Though he did not realize it at the time, as Dennis looked back at the course of his mother’s and sister’s diagnostic process, he saw similarities in their experiences. Both women had sought medical attention for several months prior to receiving the news that they had pancreatic cancer. Both women had been diagnosed with diabetes. Both had blood work that was out of the normal range, with no explanation as to the cause. Finally, both women had lost considerable weight without trying.

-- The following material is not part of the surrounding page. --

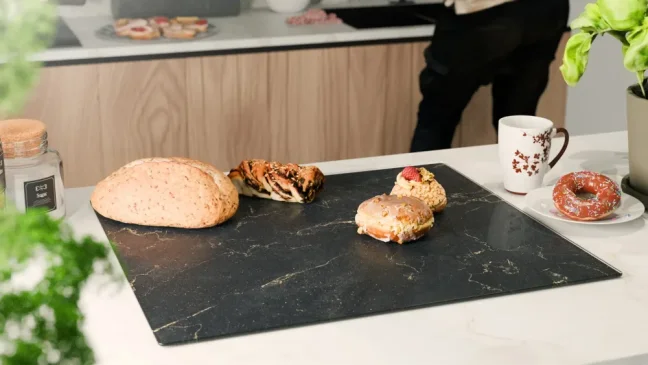 Sklenená kuchynská doska MRAMOR ČIERNÁ 60x52cm - doska na krájanie - ochranná doska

Even though Dennis had been told that his running days were over, he felt that he had to do something in support of his sister as she battled pancreatic cancer. While he healed from his surgeries, he looked for a race that would benefit pancreatic cancer research and patients. The week before his sister passed away, Dennis was given the green light by his physician to start running again.

Enter Project Purple

With several half-marathons and 5ks under Dennis’s belt, Debra’s fight seemed like the perfect reason to attempt a full-marathon. Dennis signed on to run the Chicago Marathon with the Project Purple team. Remarkably, the only time he has ever run outside and not on the treadmill is during races.

Dennis’s goal is to finish the marathon in memory of his mother and his sister. He explains, “I know they will be right there with me every step I take. I also hope that someday researchers will find a way to screen for pancreatic cancer to detect it earlier and give more people a chance to survive.” Dennis is concerned about a possible genetic link that could cause the illness to manifest itself in other family members. He adds, “I don’t want to see anybody have to go through what we have gone through.”